Il y a des choses immédiates qui pourraient être faites et qui gagneront probablement le soutien à la fois d’une industrie opposée à toute intervention de l’État – et d’une Thatcherite comme Whittingdale. Pour commencer, le gouvernement pourrait utiliser l’argent public pour payer la publicité locale, non seulement pour ses propres messages, mais pour soutenir les industries locales actuellement fermées par le verrouillage. Le Danemark, comme de nombreux pays nordiques, a une histoire du soutien de l’État au journalisme remplaçant plus ou moins la publicité dans les journaux par des fonds publics cette année. Prolonger les allégements fiscaux à la TVA annoncés dans le budget et permettre aux journaux de demander des allégements tarifaires aux entreprises, même s’ils doivent continuer à fonctionner, sont d’autres mesures possibles.
Ce sont de petites bières par rapport au type de financement public recommandé par Cairncross et soutenu par le NUJ. Il est certainement temps d’envisager au moins un soutien à plus long terme.
Les grandes questions sont de savoir d’où vient cet argent et quel type de journalisme il soutiendra. Utiliser l’argent public pour soutenir le journalisme qui a longtemps été diminué par les propriétaires avides sera aussi mauvais que de permettre aux plateformes en ligne de déchirer le pacte de base de l’actualité.

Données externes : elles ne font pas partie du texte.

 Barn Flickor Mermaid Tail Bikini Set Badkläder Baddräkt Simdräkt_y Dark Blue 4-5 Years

Le modèle actionnarial de propriété des informations a échoué bien avant que les plates-formes numériques innovantes ne montrent ses inefficacités. Les groupes de journaux locaux, tels que Johnson Press et d’autres, les agences de presse d’actifs ne peuvent plus atteindre 30% de marges bénéficiaires qui sont alors dépensé en dividendes et en suites exécutives plutôt qu’en salles de rédaction. Le NUJ demande que l’argent public soit retenu des entreprises qui l’utilisent pour licencier des personnes, réduire les salaires ou bloquer la reconnaissance syndicale tout en distribuant de gros bonus – cela semble tout à fait raisonnable.

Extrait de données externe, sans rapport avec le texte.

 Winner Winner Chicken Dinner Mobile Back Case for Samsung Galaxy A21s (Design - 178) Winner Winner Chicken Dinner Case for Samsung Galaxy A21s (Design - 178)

Une taxe numérique pour soutenir la presse
La taxe exceptionnelle du NUJ sur les groupes numériques est également une bonne idée, mais sera-t-elle durable? Il serait certainement préférable de réorganiser en permanence la manière dont le contenu est payé en ligne via des accords de licence.
Face aux demandes historiques sur les deniers publics, il sera vrai que le gouvernement actuel se tournera vers la BBC pour l’aider. Ce serait une erreur et pourrait s’avérer impopulaire. Ayant retardé les paiements des plus de 75 ans et intensifié son offre de service public avec éducation et plus pendant la pandémie, la BBC fait face à un avenir à court d’argent. Ce serait une parodie s’il était maintenant obligé d’aider encore plus les informations locales, ayant déjà fait grimper le coût de 150 millions de livres sterling pour le Local Democracy Reporting Service.
Le monde post-Covid est susceptible de voir moins d’argent pour tout le monde, bien sûr, à l’exception de Jeff Bezos et Mark Zuckerberg. Nous devrons tous déterminer ce qui doit être soutenu avec des ressources limitées. Même discuter du soutien de l’État au journalisme montre à quel point le secteur de l’information a chuté. Mais si nous acceptons que le journalisme est vital pour la société et que le modèle économique actuel ne fonctionne pas, alors quelque chose doit être fait, non seulement par le gouvernement mais par nous tous.